Собрание было открыто чтением тогда недавно вышедшей книжки, под заглавием: «Вот тебе, бабушка, и Юрьев день». В ней доказывалось, что новый, послереформенный экономический быт народа тяжелее дореформенного. «Прежде били дубьем, а теперь рублем». Внимание слушателей было поглощено чтением. По окончании для большого уяснения читавший развил те же мысли словами, а затем стали говорить желающие. С этого момента направление сходки неожиданно и резко определилось.

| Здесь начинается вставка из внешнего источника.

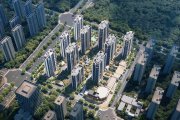 高新丝路软件城金茂璞逸高新楼盘新房真实图片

Несколько человек рабочих стали доказывать, что им «не дают дела, а что книжки, хотя они и хороши и верно описывают положение вещей, но не указывают подробно, что должен делать каждый рабочий: я, ты, другой, третий. Книжками одними еще много не сделаешь, а как и с кем бороться, нужно выяснить да и начинать, а там, как узнают, за что война загорелась, пристанут и другие. А то вот два года книжки ты нам читаешь, а дела не видно». При этих прочувствованных словах вскочил один мощный рабочий, лет сорока, и возбужденно вскричал: «Да что ж мы, братцы, что ж нам разговаривать этак без конца! Если мы недовольны – их разносить надо! Пойдем разобьем жандармское правление, а там посмотрим, что будет!» Поднялся говор и шум. Все встали. Читавший, видя невозможность вести беседу в том духе, в каком начал, не стал продолжать, так как здесь вместе с надежными рабочими были и новички. До конца разговоры велись уже по группам.

Для меня эта сходка, считавшаяся устроителями неудавшейся, казалась многозначительной.

Среди пропагандистов я заметил отсутствие систематической группировки революционных сил. Они даже избегали, не сознавая полезности, строгой широкой революционной организации. Эта характерная черта мне не нравилась, и я постарался познакомиться с другой революционной группой, якобинцами, о которой слыхал отзывы, как о признающей и проводящей в жизнь строгую, дисциплинированную организацию.

Скоро я увидел, что теория и практика этой группы не представляют ничего солидного, и порвал с ними сношения. Она была очень малочисленна, да и сильная организация на принципах, положенных ими в основание, и при отсутствии серьезной революционной работы не могла создаться.